▶ [Task]: Retype only what runs from the line with "EM Program History EM" through the end of the entries, exactly and in full, but omit any picture you find.

▶ [Input for this task]:
>>

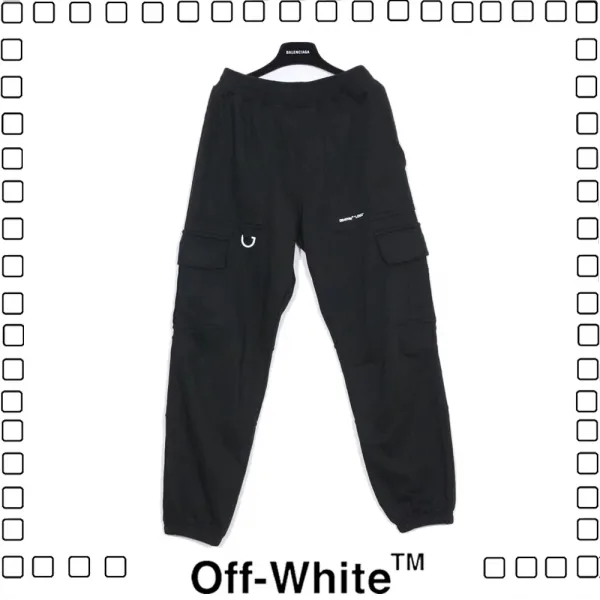 Off-White 2020SS オフホワイト パンツ ズボン ポケット付きカジュアル ブラック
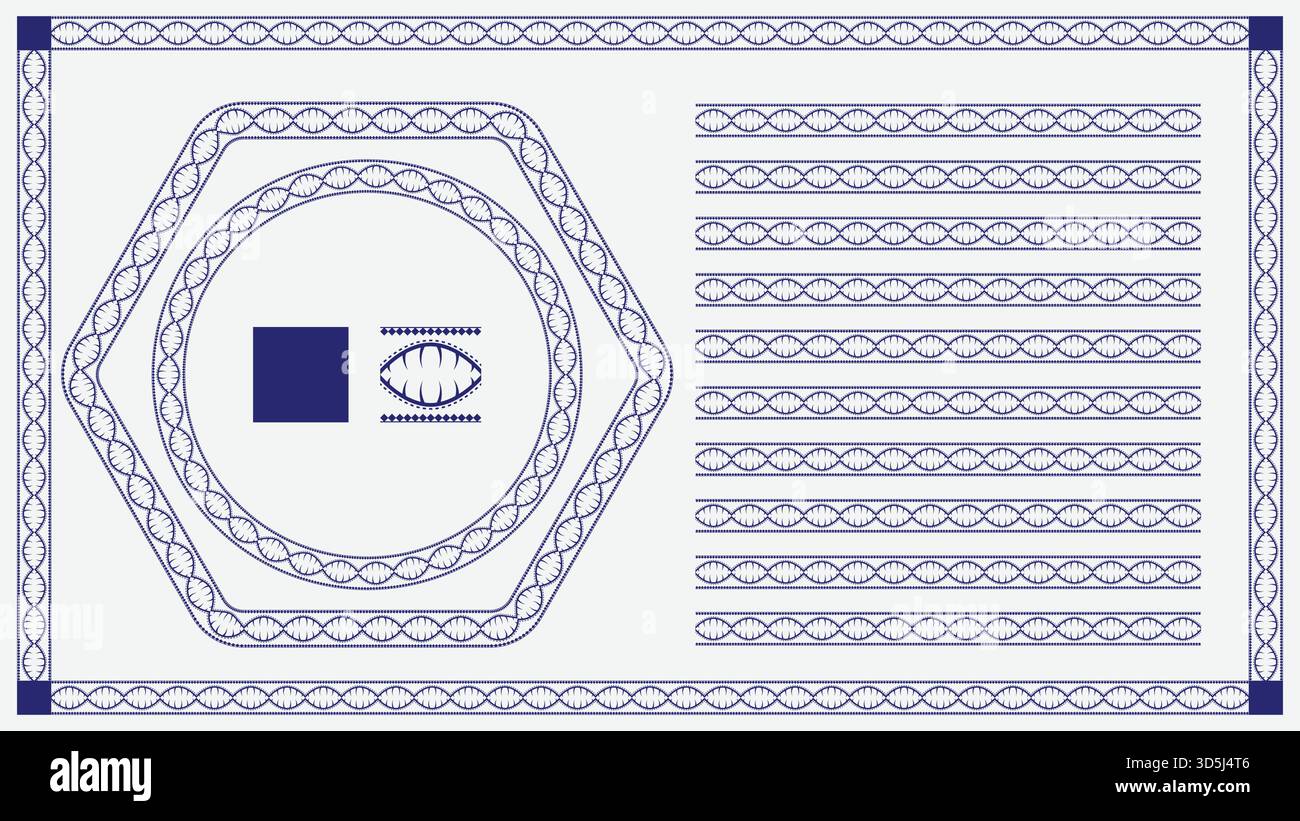 Set of blue geometric border frames and seamless pattern brushes, vector certificate design elements Stock Vector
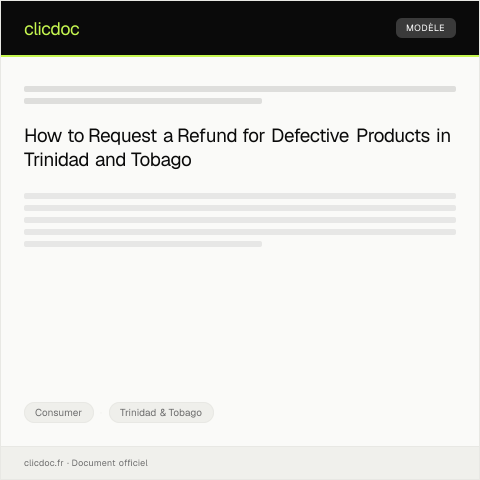 Document preview: Request for Refund of Faulty Consumer Goods from Retailer — Consumer, Trinidad & Tobago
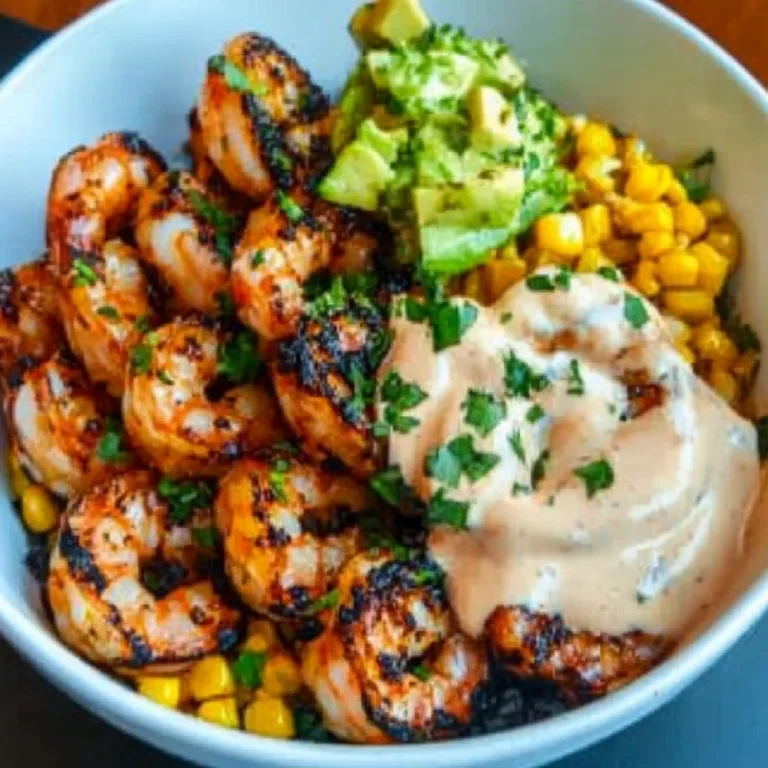 Gegrillte Garnelen Bowl mit Avocado Mais-Salsa & Cremiger Sauce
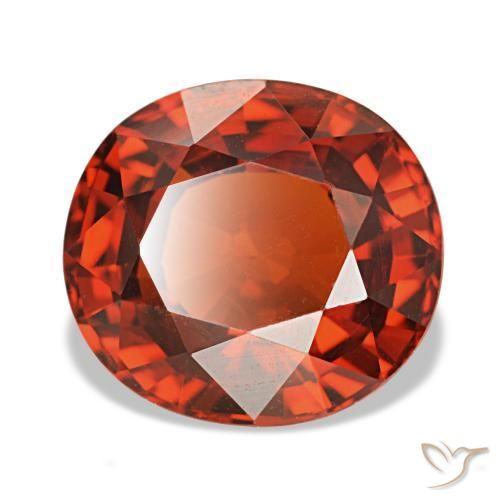 Granate espesartita rojo natural de 4,35 ct, corte óvalo, VVS-VS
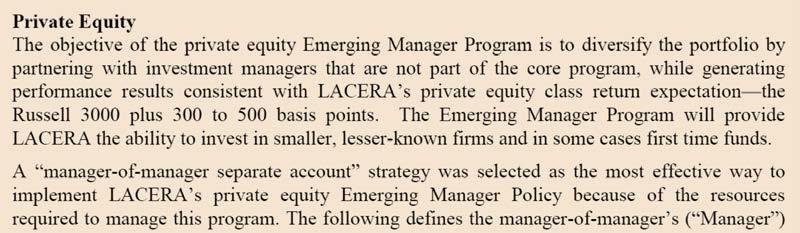 EM Program History EM Program History 2018 Update + Findings Supporting Analysis In 2001 2001, LACERA described its Private Equity Emerging Manager Program in the Emerging Manager Policy, Section M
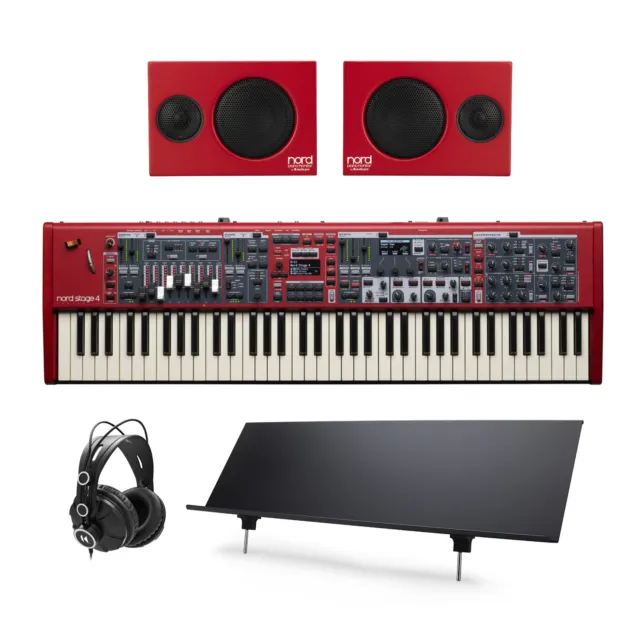 Nord Stage 4 Compact 73 Key Semi Weighted Keyboard with Monitor Pair Bundle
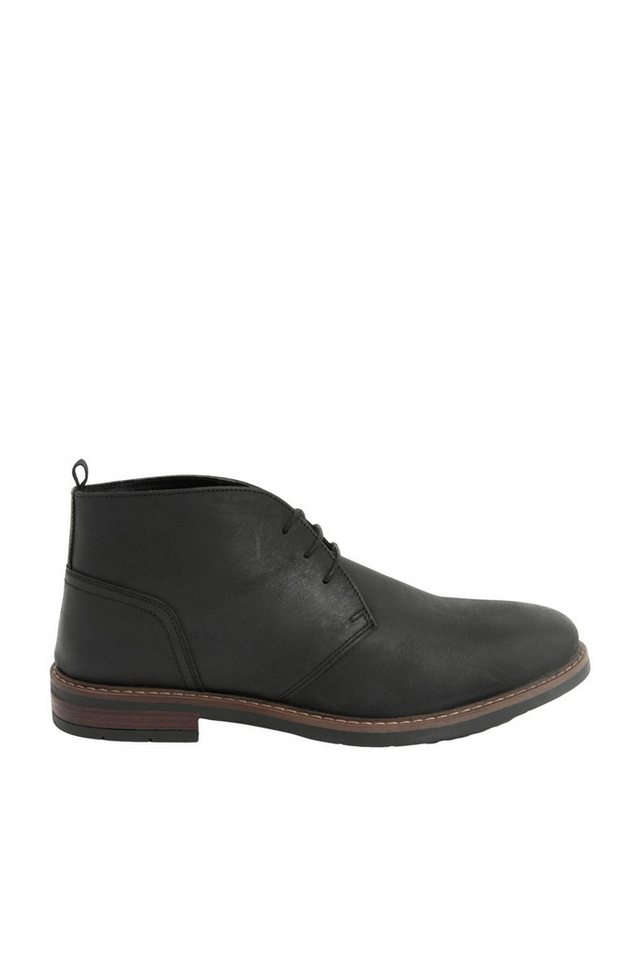 Next Chukka-Stiefel aus gewachstem Leder Stiefelette (1-tlg) (schwarz)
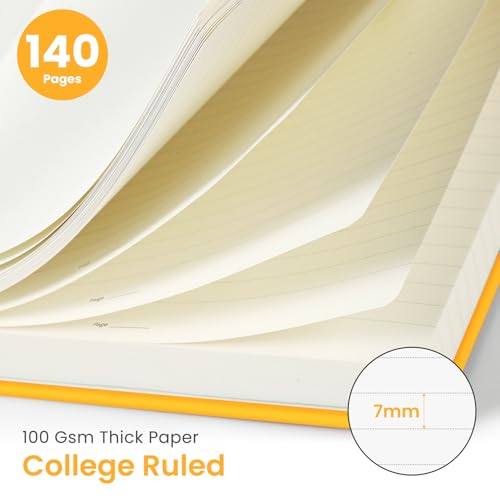 Image of Taja Lined Spiral Journal Notebook for Women & Men, 140 Pages, College Ruled Hardcover Notebook for Work & Note Taking, Journals for Writing, A5(5.7 inch x 7.9 inch) - Yellow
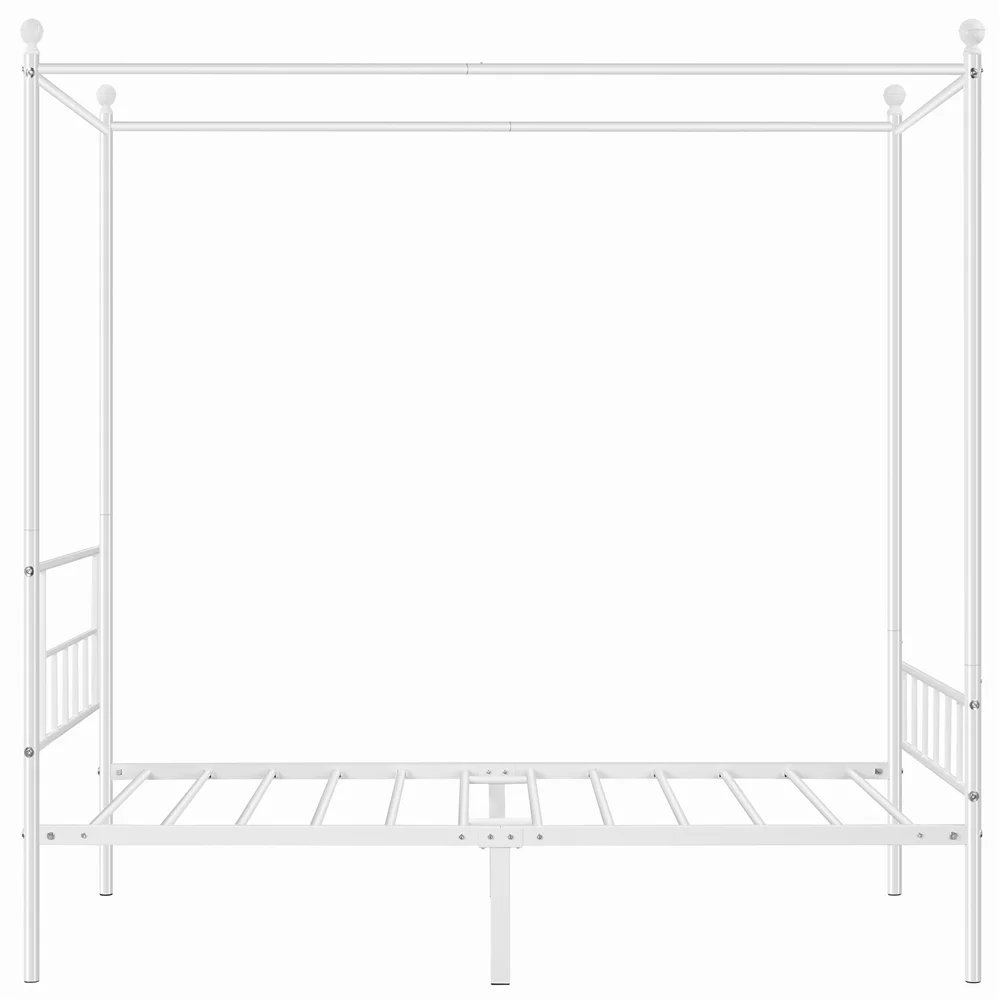 Easyfashion Juno Metal Canopy Bed Frame Four Poster Bed with Headboard and Footboard, White, Twin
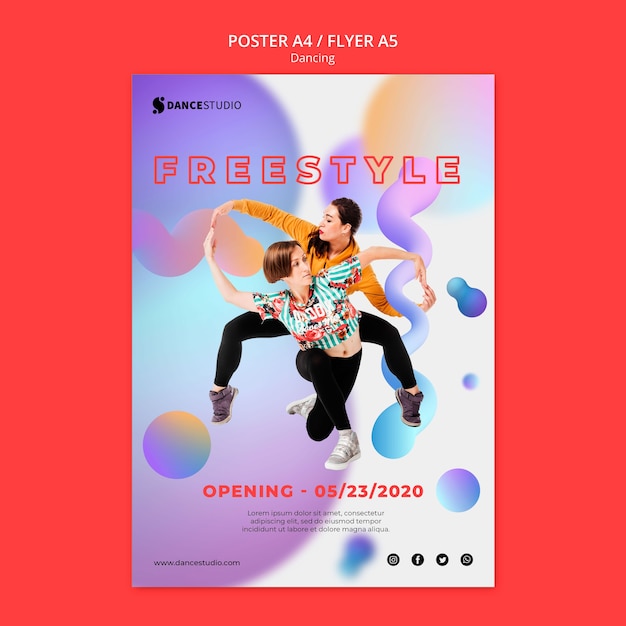 Free PSD poster template with dance concept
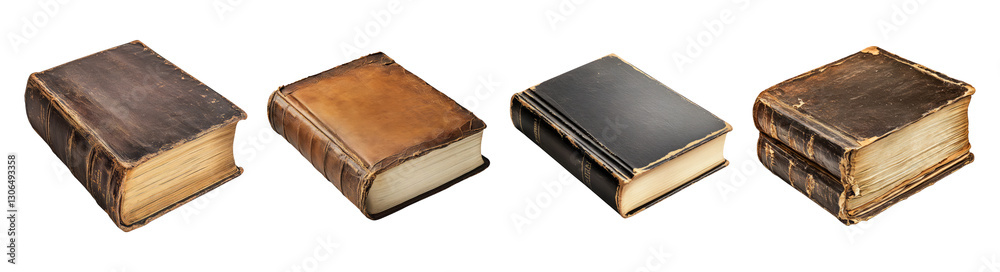 Obraz premium Antique Leather Bound Books Collection on White Background, Isolated on Transparent Background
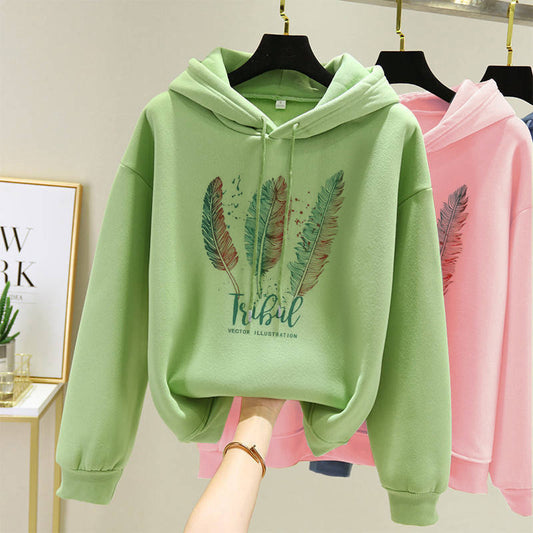 Hooded Sweater Thick Loose Long Sleeves Women - The Number 1 Things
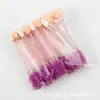Pincel de sombra multiuso, pincel de cílios com cabo de cristal, pincel de maquiagem espiral, aplicador de esponja de látex com duas pontas, ferramenta de beleza portátil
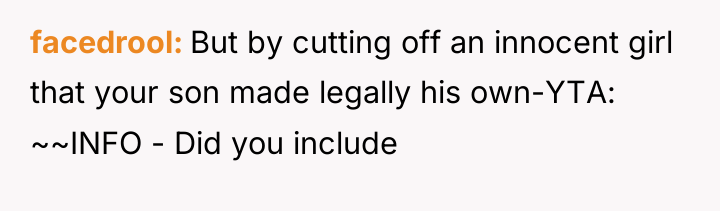 facedrool But by cutting off an innocent girl that your...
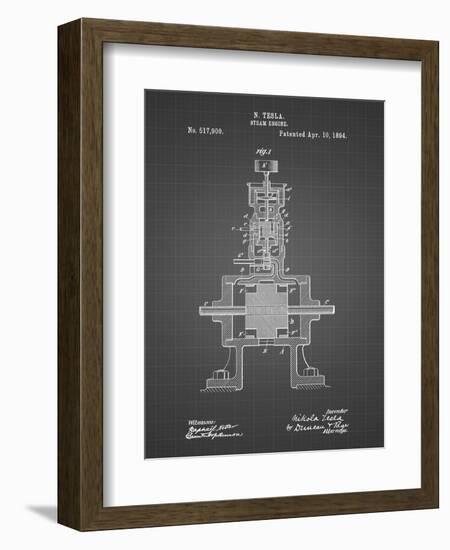 PP1096-Black Grid Tesla Steam Engine Patent Poster-Cole Borders-Framed Premium Giclee Print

<<

▶ [Solution to this exercise]:
 EM Program History EM Program History 2018 Update + Findings Supporting Analysis In 2001 2001, LACERA described its Private Equity Emerging Manager Program in the Emerging Manager Policy, Section M
 Nord Stage 4 Compact 73 Key Semi Weighted Keyboard with Monitor Pair Bundle
 Next Chukka-Stiefel aus gewachstem Leder Stiefelette (1-tlg) (schwarz)
 Image of Taja Lined Spiral Journal Notebook for Women & Men, 140 Pages, College Ruled Hardcover Notebook for Work & Note Taking, Journals for Writing, A5(5.7 inch x 7.9 inch) - Yellow
 Easyfashion Juno Metal Canopy Bed Frame Four Poster Bed with Headboard and Footboard, White, Twin
 Free PSD poster template with dance concept
 Obraz premium Antique Leather Bound Books Collection on White Background, Isolated on Transparent Background
 Hooded Sweater Thick Loose Long Sleeves Women - The Number 1 Things
Pincel de sombra multiuso, pincel de cílios com cabo de cristal, pincel de maquiagem espiral, aplicador de esponja de látex com duas pontas, ferramenta de beleza portátil
 facedrool But by cutting off an innocent girl that your...
 PP1096-Black Grid Tesla Steam Engine Patent Poster-Cole Borders-Framed Premium Giclee Print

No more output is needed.